The Northern Tango Earthquake (北丹後地震)
The earthquake in the northern Tango Province occurred at 6:27:39 pm on March 7, 1927. The epicenter of seismic activity for the quake was in the northern Tango Peninsula, Kyoto Prefecture, at the latitude of 35 degrees, 37.9 minutes north, and the longitude of 134 degrees, 55.8 degrees east. It was a strong earthquake with a magnitude of 7.3 on the Richter scale. In the northern Tango Province, Toyooka-cho (now Toyooka City), Miyazu-cho (now Miyazu City) and Mineyama-cho (now Kyotango City) all registered a magnitude of 6 on the Richter scale. Kyoto City, Sumoto City (Hyogo Prefecture), Fukui City (Fukui Prefecture), Tsuruga City, Nara City (Nara Prefecture) and Fukuyama City (Hiroshima Prefecture) all registered a magnitude of 5 on the Richter scale.
The earthquake devastated the northern Kansai region, as well as the Chugoku region and the Shikoku region. The area of about 15km at the base of the Tango Peninsula was hit especially hard.
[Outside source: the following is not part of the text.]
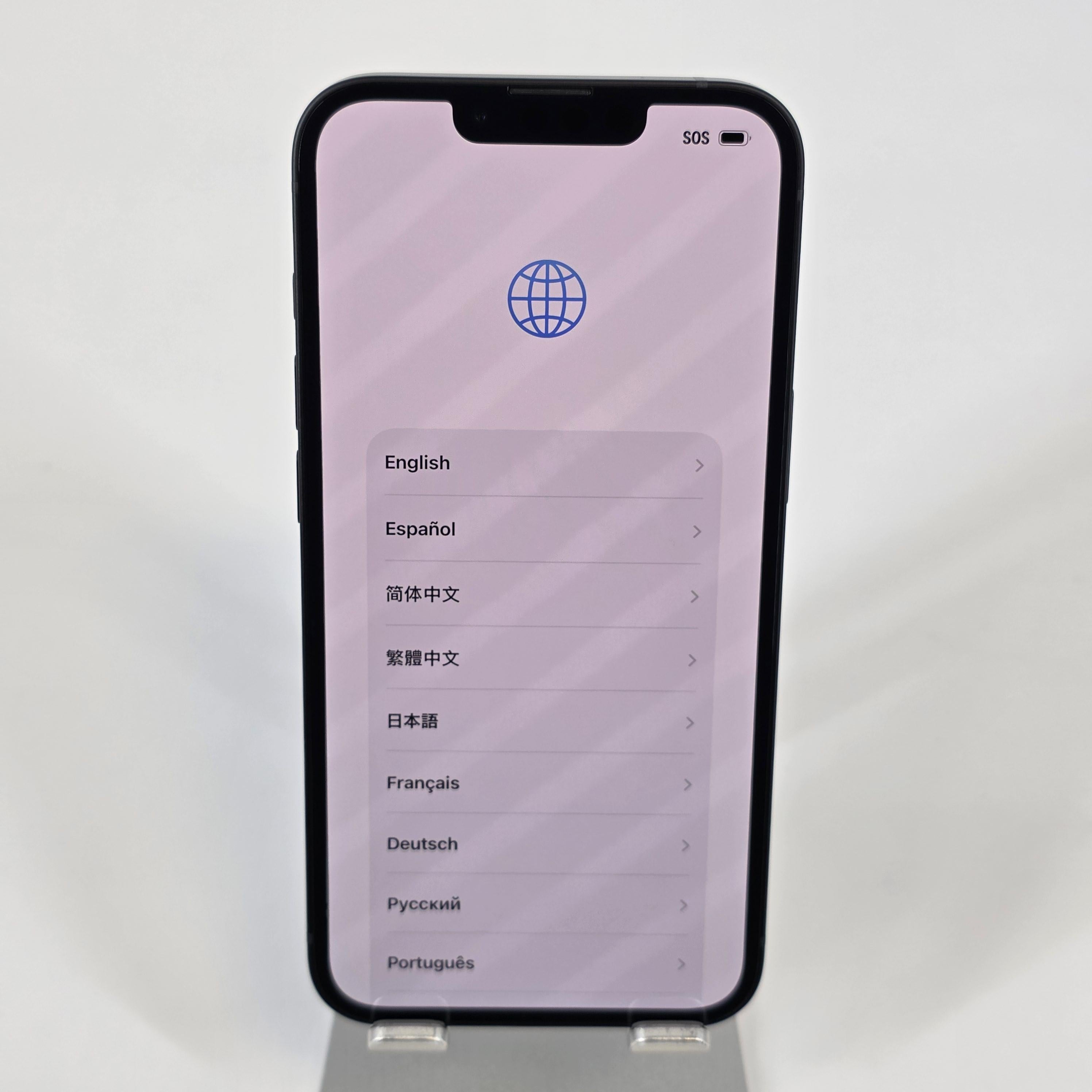 iPhone 16e 128GB Black (Cricket)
In Amino-cho, Kaya-cho, Iwataki-cho and Mineyama-cho, where the damage was particularly severe, the ratio of collapsed buildings reached 70%～90%. As the earthquake occurred at a time when many people were cooking dinner, fires spread in the area. The large-scale fires spread especially in Amino-cho, Mineyama-cho and Nodagawa-cho, and 8,287 households in total were burned down. The quake struck Mineyama-cho, famous for its "Tango-chirimen crepe," the hardest. 97% of buildings including the textile factories were burned down in Mineyama-cho. The mortality rate reached 22% of its population.
The damage by the quake extended across a large area, including Kinosaki-cho, which had suffered severe damage in the Northern Tajima Earthquake 2 years previously and once again 2,300 households or more were lost to fire in the Northern Tango Earthquake. Even in Yonago City in Tottori Prefecture, 150km away from the epicenter, 2 houses collapsed. In Osaka City, cracks in the ground spewed mud water and flooded houses. It is thought that this was caused by ground liquefaction. The statistics for the damage, which show the extent of the catastrophe, are as follows: 2,925 deaths (2,898 deaths in Kyoto City); 7,806 injuries; 12,584 homes destroyed; 9,443 homes partially destroyed; 8,287 homes burned to the ground; 6,459 homes burned; 96 homes partially burned.
The Northern Tango Earthquake revealed two earthquake faults on the surface. They are the 'Goson Fault' (approximately 18km long), which extends from Asamogawa, Amino-cho to Mie District, Omiya-cho (Kyoto Prefecture), and the 'Yamada Fault' (approximately 7km long), which extends from Iwaya District, Nodagawa-cho to Fuchu District, Miyazu City. The Goson Fault was raised a maximum of 80cm on the west side and moved 270cm towards the south. The Yamada Fault was raised a maximum of 70cm on the north side and moved 80cm towards the east. The Goson Fault was designated as a national natural treasure on December 17, 1929, and today it can be observed at three spots where it is preserved.
The victims of the quake lost their homes during the extremely cold snow season, and media such as newspapers held campaigns to support the victims and to collect money for them. The distribution and the initial motion of the seismic wave as well as the movement in the Earth's crust was clearly observed during the Northern Tango Earthquake; and as a result, the field of seismology has greatly developed since.